**AIM OF THE TASK:** Word for word, retype the lines from the one containing "Номер Стандарт 2" to the one containing "מעקה זכוכית דגם חגי - זכוכית שקועה" below, keeping both end lines and dropping the pictures.

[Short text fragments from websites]
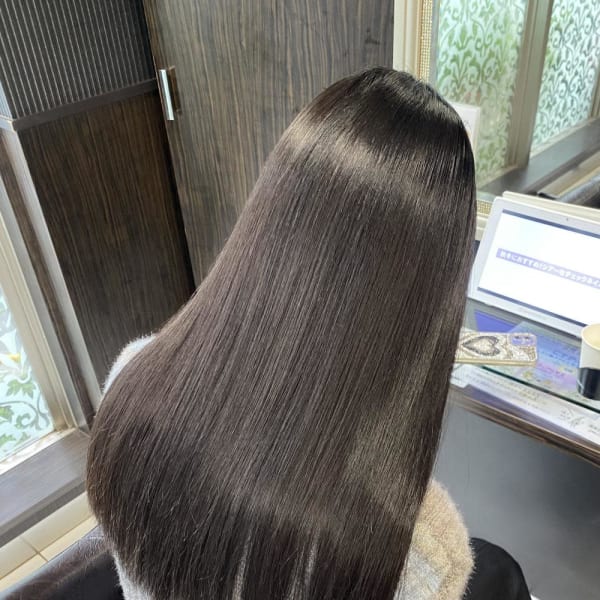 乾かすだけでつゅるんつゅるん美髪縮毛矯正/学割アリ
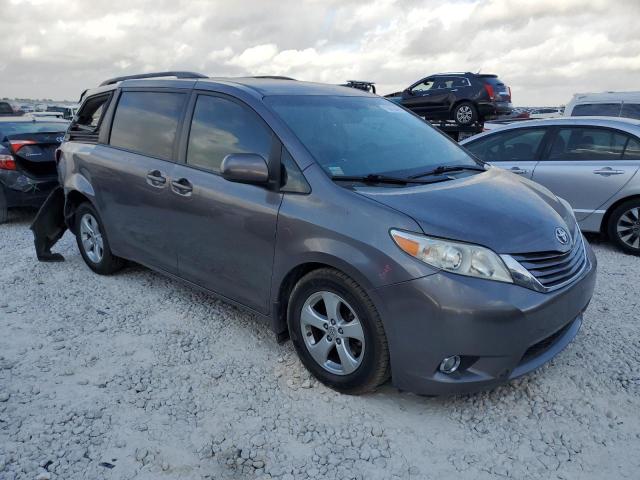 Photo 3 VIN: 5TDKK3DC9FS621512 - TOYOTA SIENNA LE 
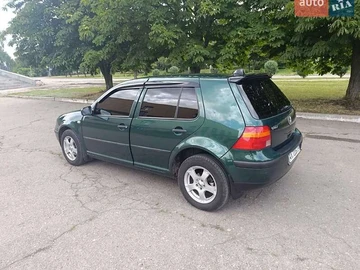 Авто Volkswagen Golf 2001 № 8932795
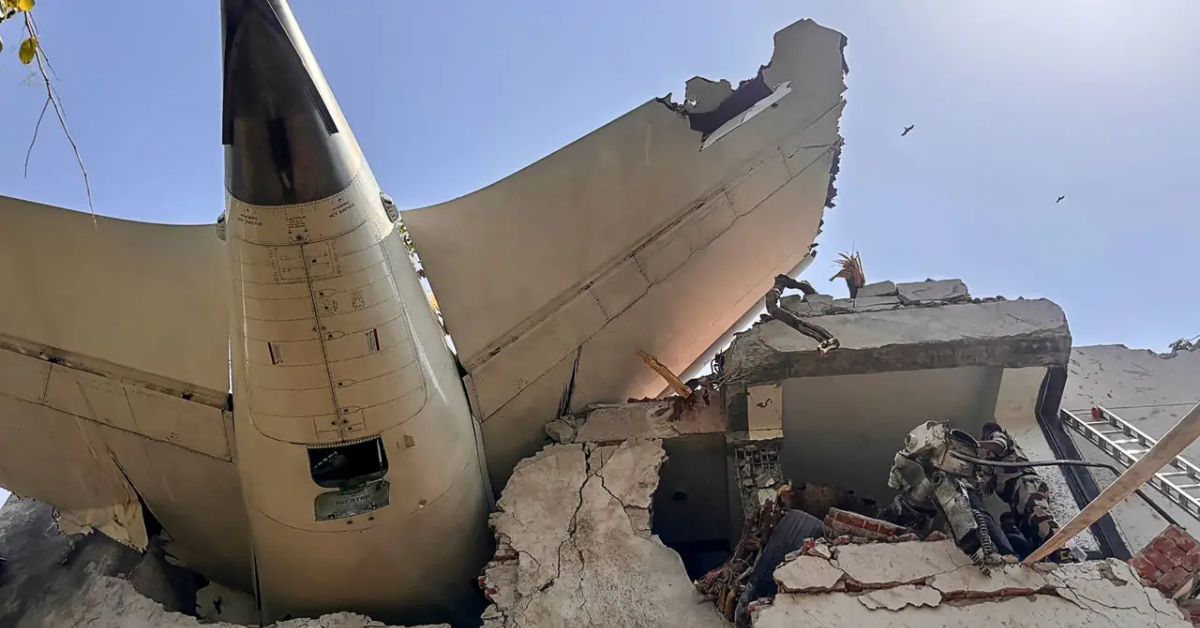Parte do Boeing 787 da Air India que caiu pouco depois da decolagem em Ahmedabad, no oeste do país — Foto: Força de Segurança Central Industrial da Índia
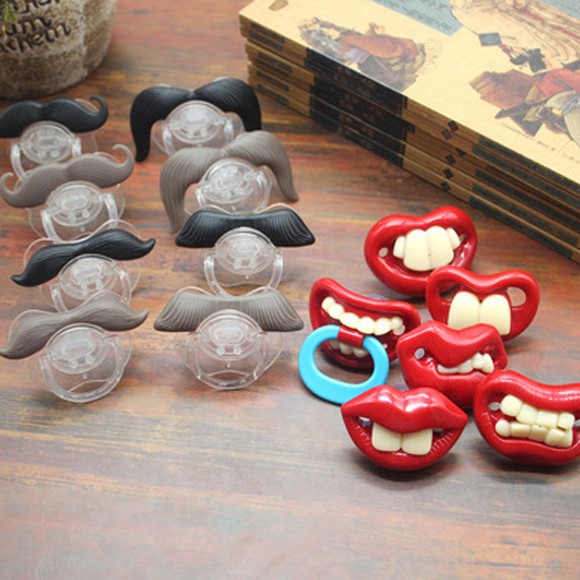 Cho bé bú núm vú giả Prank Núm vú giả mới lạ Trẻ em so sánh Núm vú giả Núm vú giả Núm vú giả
...
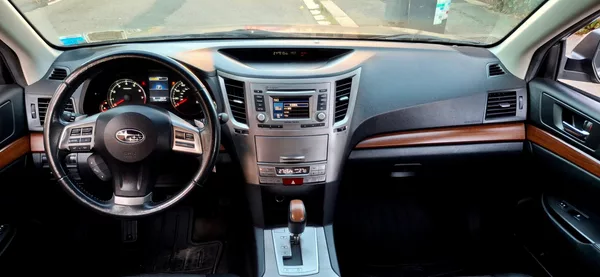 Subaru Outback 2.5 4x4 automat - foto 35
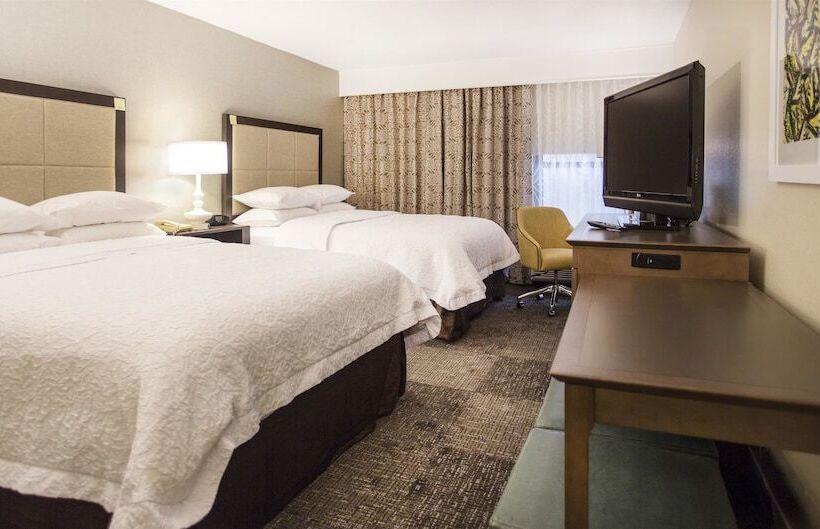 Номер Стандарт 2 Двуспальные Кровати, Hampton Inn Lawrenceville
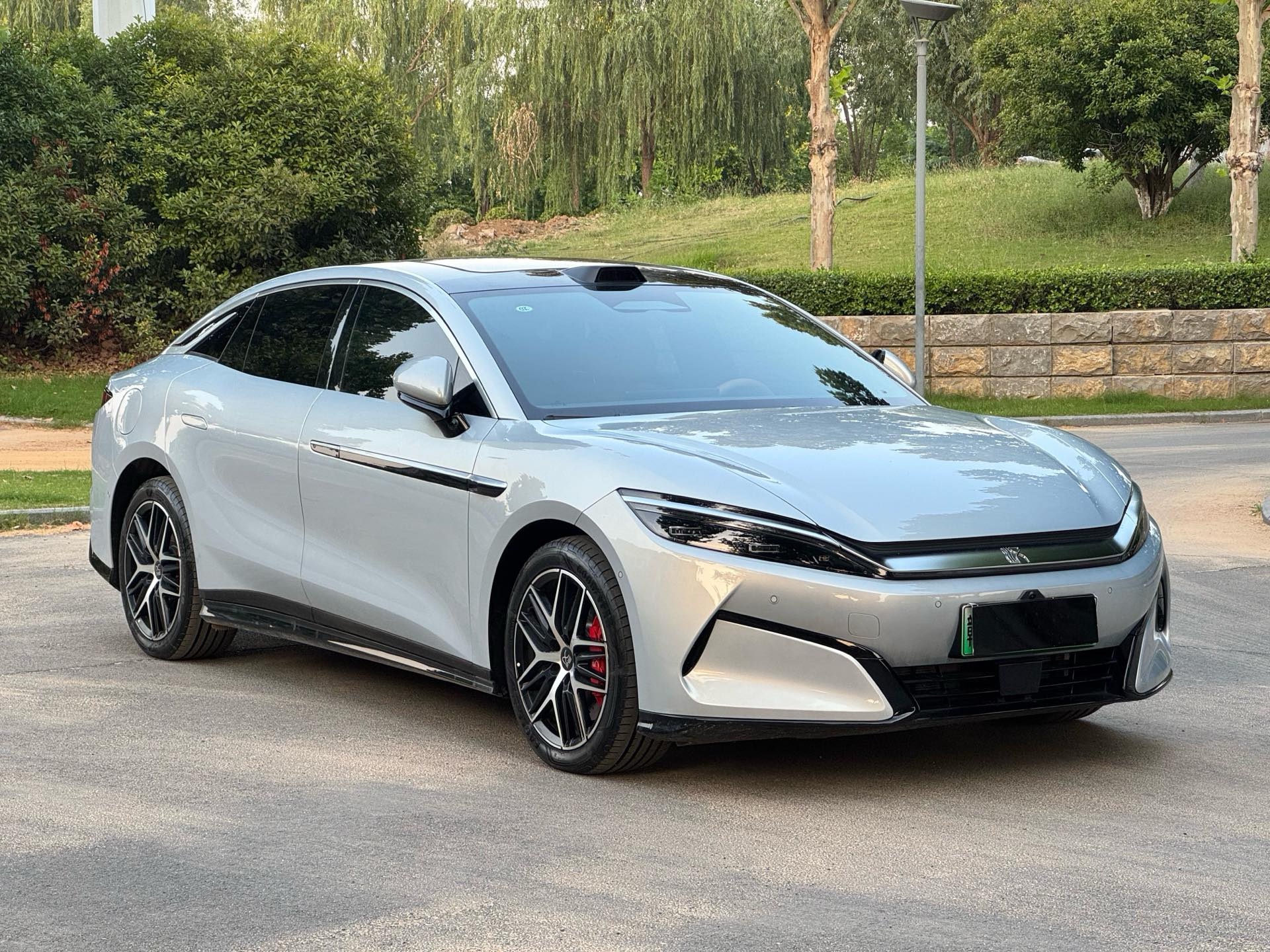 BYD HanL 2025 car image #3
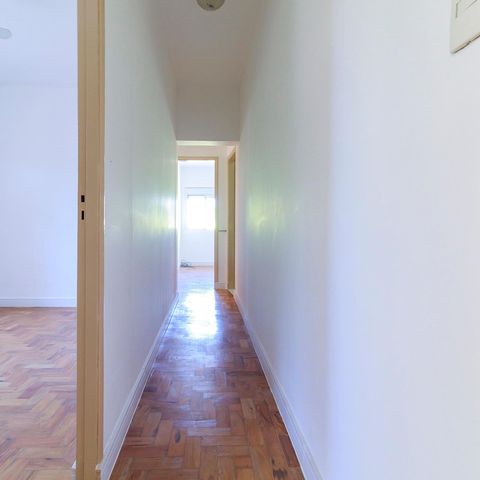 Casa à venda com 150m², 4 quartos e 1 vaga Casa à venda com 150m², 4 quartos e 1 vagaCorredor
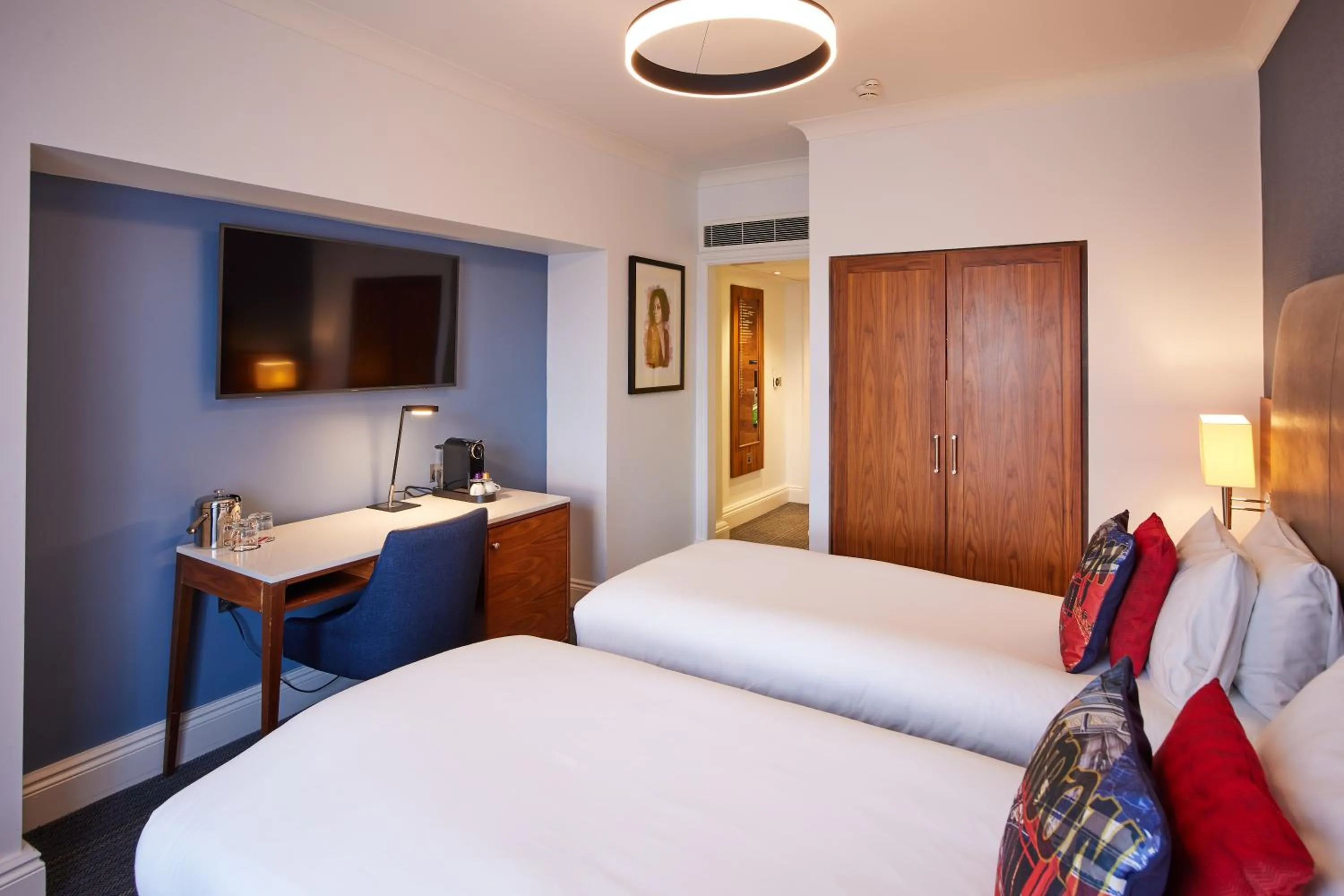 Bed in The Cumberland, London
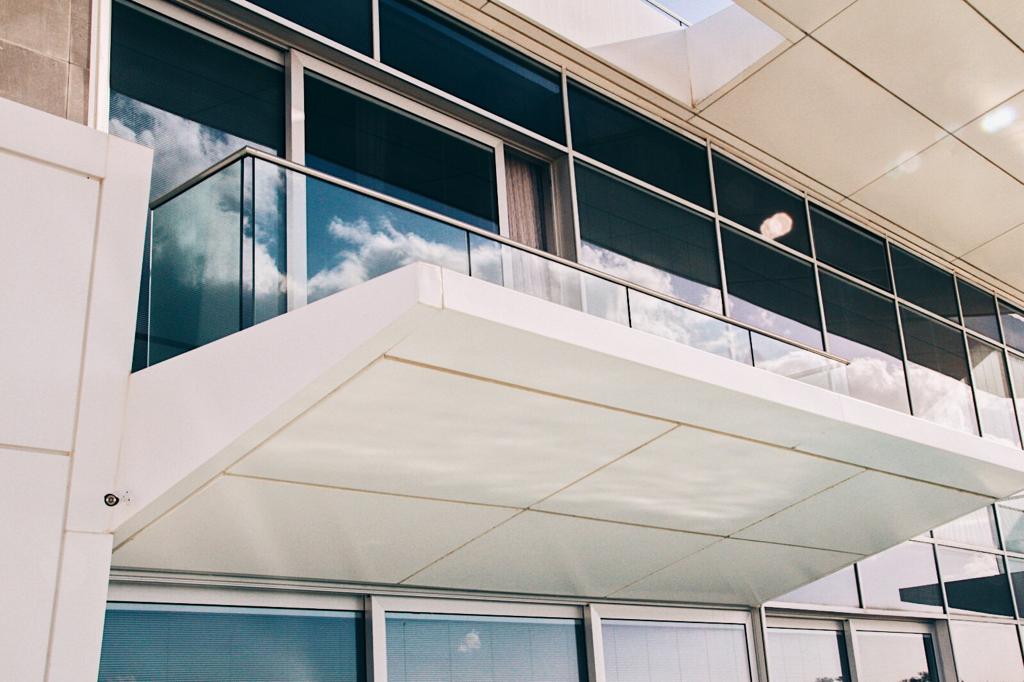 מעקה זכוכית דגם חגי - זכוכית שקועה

**RESPONSE TO THIS EXERCISE:**
 Номер Стандарт 2 Двуспальные Кровати, Hampton Inn Lawrenceville
 BYD HanL 2025 car image #3
 Casa à venda com 150m², 4 quartos e 1 vaga Casa à venda com 150m², 4 quartos e 1 vagaCorredor
 Bed in The Cumberland, London
 מעקה זכוכית דגם חגי - זכוכית שקועה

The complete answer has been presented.